(What to work on) In the entries that follow, find the line containing "Aquatic plants and" and the line containing "Create a rule", then retype exactly the lines from the first through the second, pictures excluded.

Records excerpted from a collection
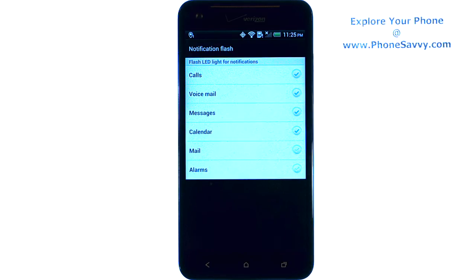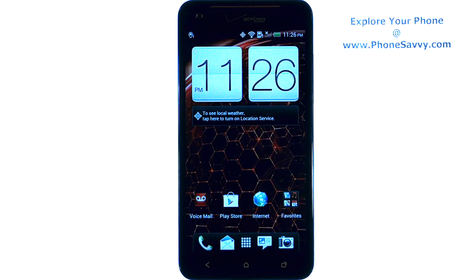see the LED light flash for those sounds. Visit PhoneSavvy.com to get all of your questions answered about the HTC Droid DNA.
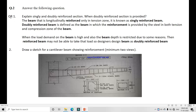Question 3: Explain singly and doubly reinforced sections and when a doubly reinforced section is provided. A beam that is longitudinally reinforced only in the tension zone is known as a singly reinforced beam — only the bottom part has steel. For a doubly reinforced beam, steel is provided in both the bottom and top parts. A doubly reinforced section is used when the load on the beam is high, the depth is restricted, and a singly reinforced beam cannot take the load.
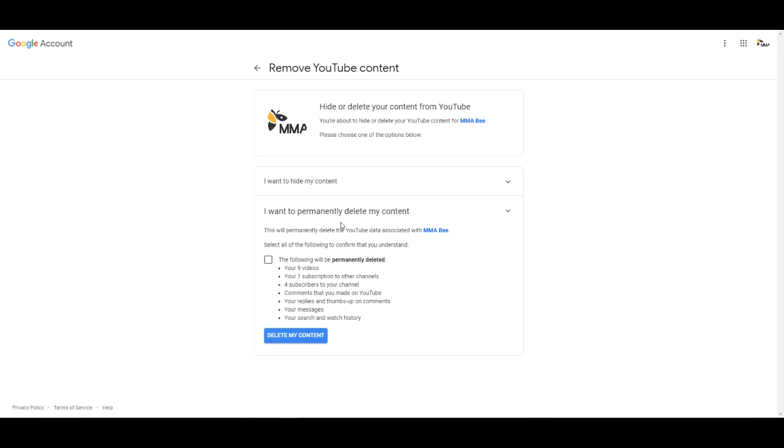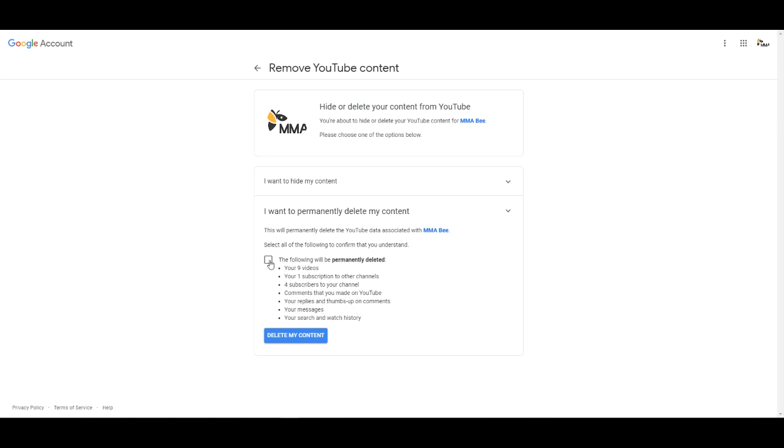So this is the one we want. I want to permanently delete my content. Now you must understand all your videos, your subscribers, your comments and messages will be gone forever. There's no turning back after this. Unless you have a time machine then you can get your channel back but I don't think you do. So go ahead and check that to show them you understand everything here.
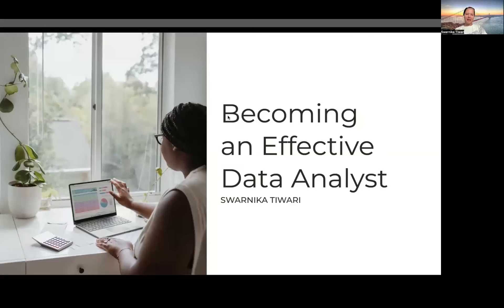Hi, everyone. I'm Swernika Tiwari, and I will be talking to you today about how to become an effective data analyst.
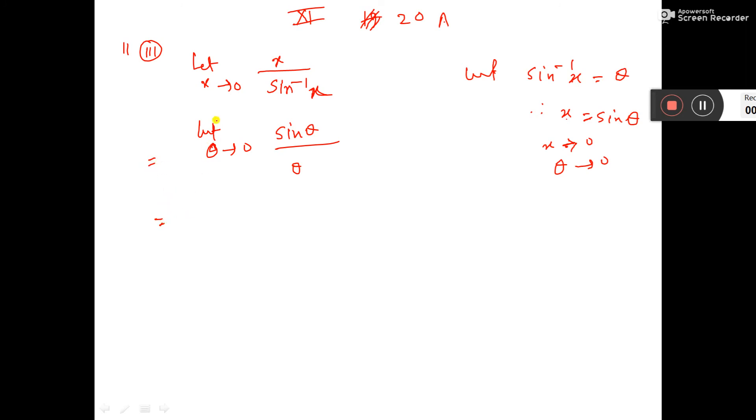Now there is one formula: limit x tends to 0 of sin inverse x by x equals 1. So this 1 is the answer.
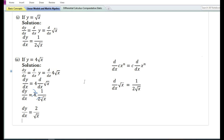The above rules are some of the rules of differentiation for finding the derivative of some simple functions. In the next video we are going to discuss the exponential and logarithmic rule for finding the derivative of a function.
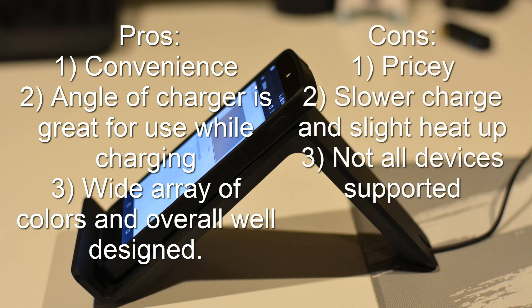Now some of the cons are obviously it's very pricey. There is a slower charge compared to USB. I found that it was about 75% as fast as USB. For example, if it took an hour to go from 0 to 100%, then it would take an hour and 15 minutes to go from 0 to 100% on this charger. So it's a bit slower than USB, not much but a bit.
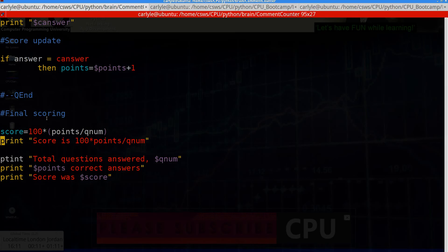That completes part one of our quiz script. That's a pseudo code. Tomorrow we're actually going to convert the pseudo code into actual code. So if you guys have any suggestions or ideas, feel free to write them below. And until tomorrow, this is a computer program university. The first step is to smile.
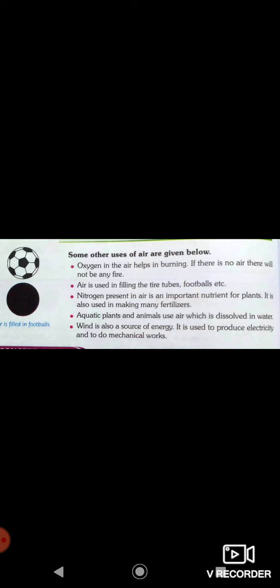Aquatic plants and animals use air which is dissolved in water. Wind is also a source of energy. It is used to produce electricity and to do mechanical work. You all know the windmill — it produces electricity and can also do mechanical work.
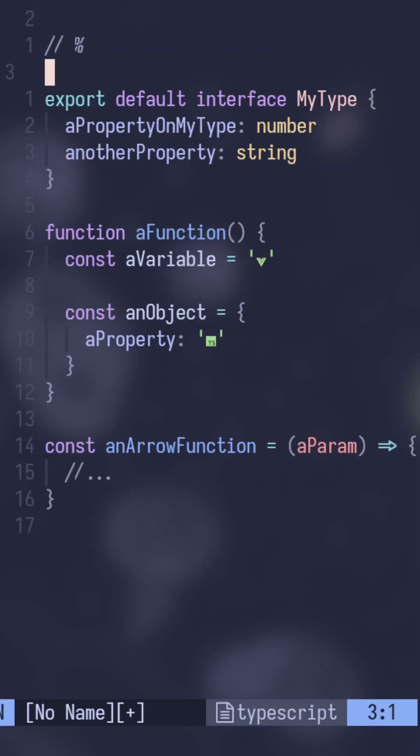What's up, y'all? It's a junior dev with 10 years of experience. And I just wanted to take a quick moment to talk about something cool that I found with the percent sign in NeoVim.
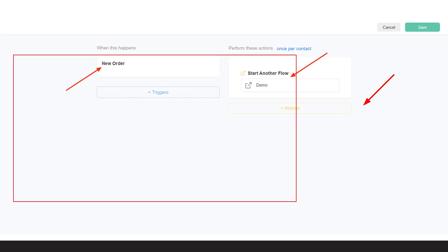Create a rule that sends a flow when a new order is created on your account. With this setup, once an order is placed, the order information will be set in the custom field we created earlier, and the data will be sent to Google Sheet. Let me show you how to do it.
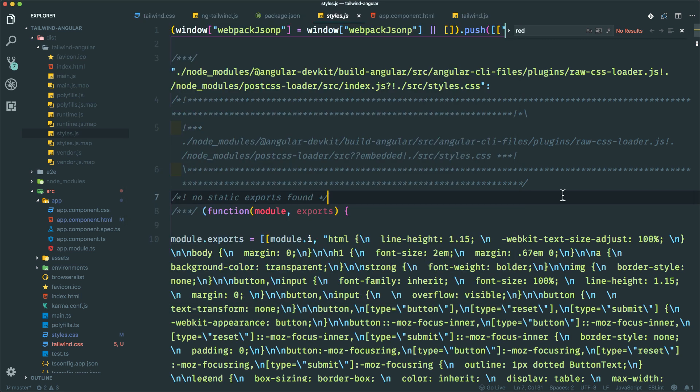So there you have it, guys. We managed to get Tailwind CSS working with an Angular project and also made use of PurgeCSS. Definitely make use of this great plugin if you're looking to use Tailwind CSS within an Angular project. Please like, comment, and subscribe if you haven't already done so. Thanks for watching, guys. See you in the next one. Okay, thanks. Bye.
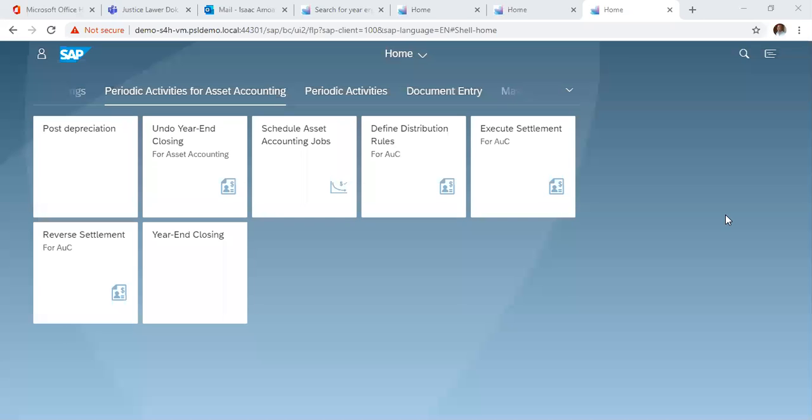Hello, welcome to our series on SAP S4HANA Financial Accounting and Controlling.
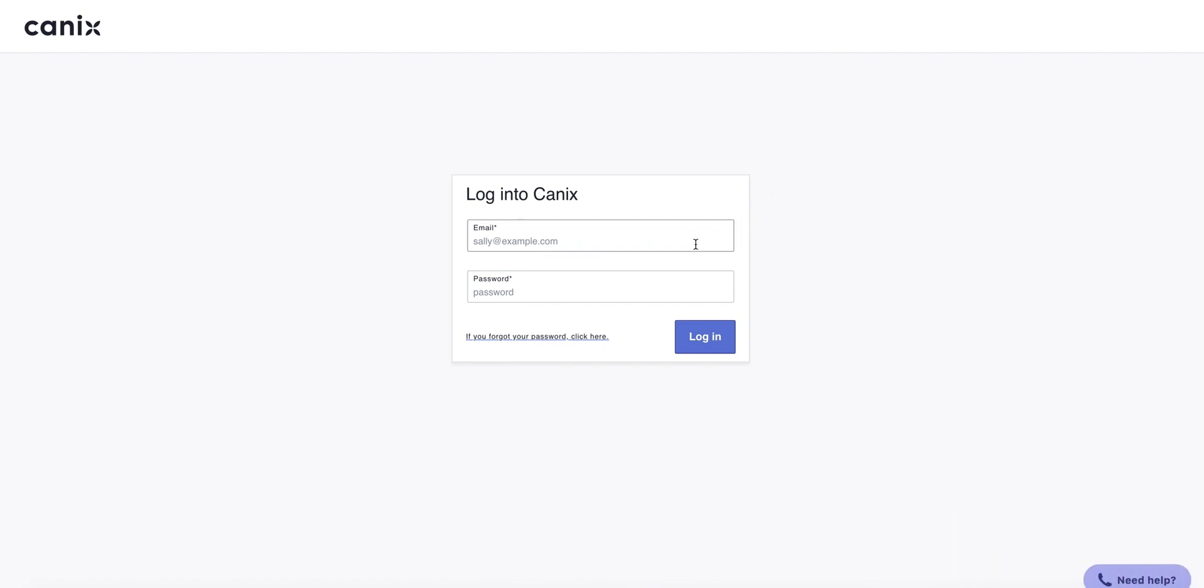The Canix web app will work with all web browsers, but we do have a preference for using Google Chrome on your Windows or Mac computer.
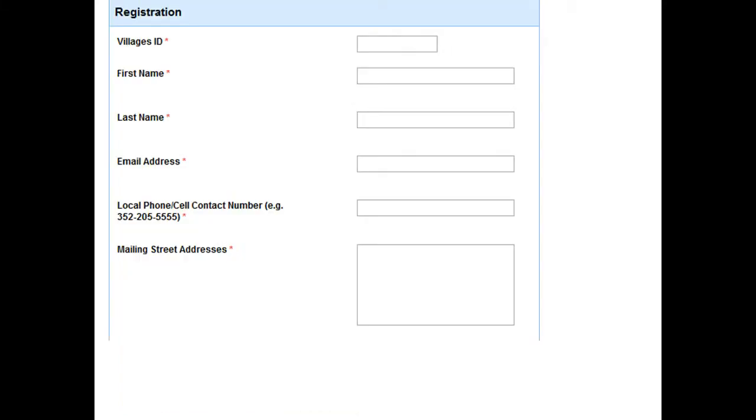This is a registration form. And we're going to use this to help you walk through the keyboard and how to use text, numbers, etc. The registration form is used on the village's computer club website.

(Exercise response)
Aquatic plants and animals use air which is dissolved in water. Wind is also a source of energy. It is used to produce electricity and to do mechanical work. You all know the windmill — it produces electricity and can also do mechanical work.
What's up, y'all? It's a junior dev with 10 years of experience. And I just wanted to take a quick moment to talk about something cool that I found with the percent sign in NeoVim.
Create a rule that sends a flow when a new order is created on your account. With this setup, once an order is placed, the order information will be set in the custom field we created earlier, and the data will be sent to Google Sheet. Let me show you how to do it.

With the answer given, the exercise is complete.